A good fit is a cleaned export where each row has one clear action, protocol, source, destination, and port. A poor fit is a raw policy with unresolved object groups, application IDs, dynamic address lists, user identities, or zone logic that changes which traffic can match. Expand those objects first or use the finding as a prompt for firewall-native testing.

Do not read No shadows as approval. It means the parsed rows did not produce full shadows or reported partial overlaps under the current settings. Confirm hit counts, object expansion, vendor commit warnings, and intended business access before moving, merging, or removing rules.

Step-by-Step Guide:

Review one ordered rule export at a time so the summary, tables, and chart describe the same rulebase.

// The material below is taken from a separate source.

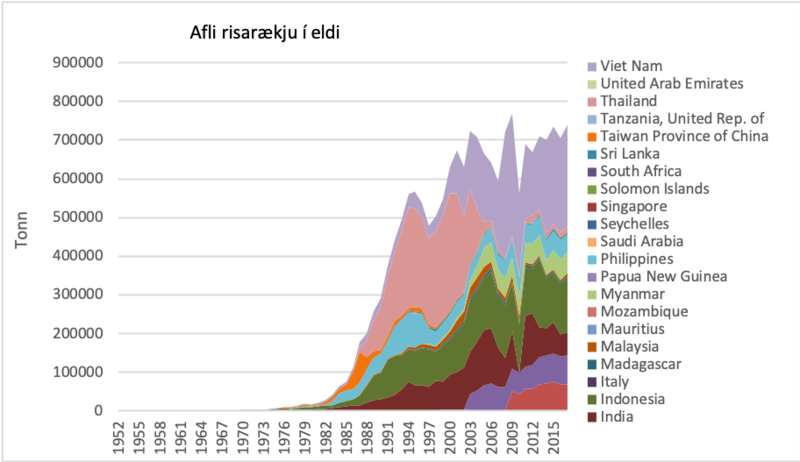 File:Afli risarækju í eldi.png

  1. Paste rows into Ordered firewall rules, or use Browse rules to load a CSV or text file under the displayed size limit.
  2. Include a header row when possible. Columns such as rule, action, protocol, source, destination, port, remark, and enabled give the parser the strongest signal.
  3. Use Normalize spacing if pasted rows include blank lines or inconsistent row spacing. The rule count in the summary should still match the active rows you expect to audit.
  4. Open Advanced and set Disabled rule handling. Choose Ignore disabled rows for active behavior, or Evaluate disabled rows when reviewing dormant rules for cleanup.
  5. Leave Partial overlap alerts enabled unless you only want full shadows. If partial alerts are disabled, Shadow Findings will omit intersecting rows that are not fully covered.
  6. Set Finding cap per rule high enough for the export. Hidden partial evidence still appears in counters, but a low cap can keep repeated earlier-row examples out of the visible finding table.
  7. Fix warnings before acting. A message such as invalid CIDR, invalid IPv4 address, invalid port, or no parsed rules means the input needs cleanup before the tables are useful.
  8. Read the summary, then open Shadow Findings. Start with Action shadow rows because they show lower rules whose allow or deny decision can be bypassed by an earlier rule.
  9. Use Remediation Queue for the handoff note. Its recommendation and change note columns translate each finding into review work such as reordering, narrowing, splitting, merging, or validating logs.
  10. Open Shadow Severity Map when many rules are affected. Tall stacked bars identify the lower rules with the largest mix of action shadows, redundant shadows, and partial overlaps.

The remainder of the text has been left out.